To add to the coal fire, 96 percent of all planned coal capacity, or 553 GW out of 578 GW are solely in the Asia-Pacific. Of that percentage, China accounts for 53 percent of the current capacity, and 71 percent of the future capacity. India, Indonesia and Bangladesh make up the rest of the energy demand for coal. Coal is not just energy, it is money.
Three of the world’s top exporters of coal — Indonesia, Australia, and Mongolia — are in the Asia-Pacific. Indonesia is the largest exporter of coal globally, with China and India as its largest clients. Australia follows closely behind, exporting over USD 91 billion worth of coal during 2023 through 2024, and its coal mining industry employing 50,000 workers. In Mongolia, coal briquettes were their top export, amassing USD 8.43 billion in wealth.
Coal for these countries represents a vital economic tool, one which will make the transition ever more difficult.
Existing solutions
To turn around this deficit and make the world greener, we already have this technology. We have battery storage, nuclear power, low-carbon hydrogen, and even limited carbon capture technologies. The challenge is implementing these technologies and scaling them at a level which produces tangible results.
Without these shifts in investment and policy, the Asia-Pacific region risks global progress towards energy security, economic stability, and SDG compliance. Leaving many left behind, and in the stifling warm air.
To align with global net-zero carbon emission targets and SDG7, which calls for access to affordable and sustainable energy for all, the annual investment in energy must increase to between USD 2.2 and 2.4 trillion by 2030. At least 90 percent of this investment needs to be focused on clean energy.
A dangerous future
Varanasi, Uttar Pradesh, India. Credit: Unsplash/Sarvesh Phansalkar
Despite the urgency of this matter, coal demand among ASEAN economies is projected to rise 5% annually, moving from 491 million metric tons in 2024 to 567 million metric tons by 2027.
This continued reliance on coal as a primary energy will only make energy diversification harder and more expensive. The time to change these outlooks is now, before diversification becomes too difficult. In consequence of these actions, some of the most polluted cities in the world, such as Delhi (India), Dhaka (Bangladesh), Lahore (Pakistan), and Hotan (China), have reported air pollution levels 10 to 20 times higher than what the World Health Organization (WHO) identifies as safe limits. Simply breathing air in these cities can pose a significant health risk, and yet millions do it.
The International Energy Agency Director Faith Birol warns: “Today’s energy world is moving fast, but there is a major risk of many countries around the world being left behind.”
An eye on the Asia-Pacific region
The Asia-Pacific region hosts two-thirds of the global population and account for 46 percent of the world’s GDP exists in the Asia-Pacific. This means that this region is crucial to achieving progress towards SDGs, and without their help, completion is near to impossible.
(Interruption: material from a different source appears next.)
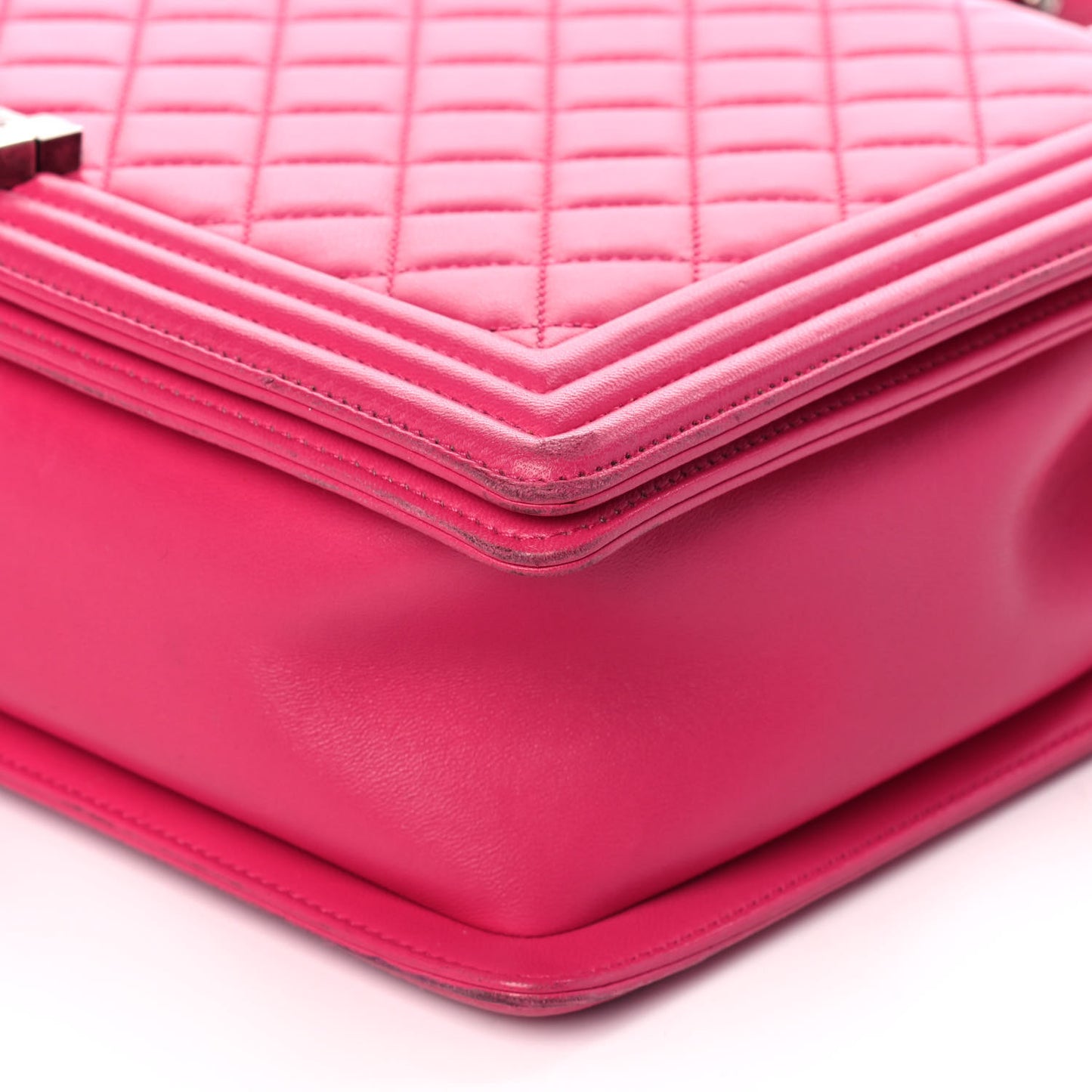 Calfskin Quilted Large Boy Flap Pink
“Nowhere is this challenge – and opportunity – more urgent than in Asia and the Pacific,” said Armida Salsiah Alisjahbana, United Nations Under-Secretary-General and Executive Secretary of ESCAP. She added, “This is our chance to build a more resilient, equitable and sustainable economy for all. We aim to foster solutions that are regionally grounded, technically sound and financially viable. Unless Asia and the Pacific can lead boldly, the global transition will fall short of expectations.”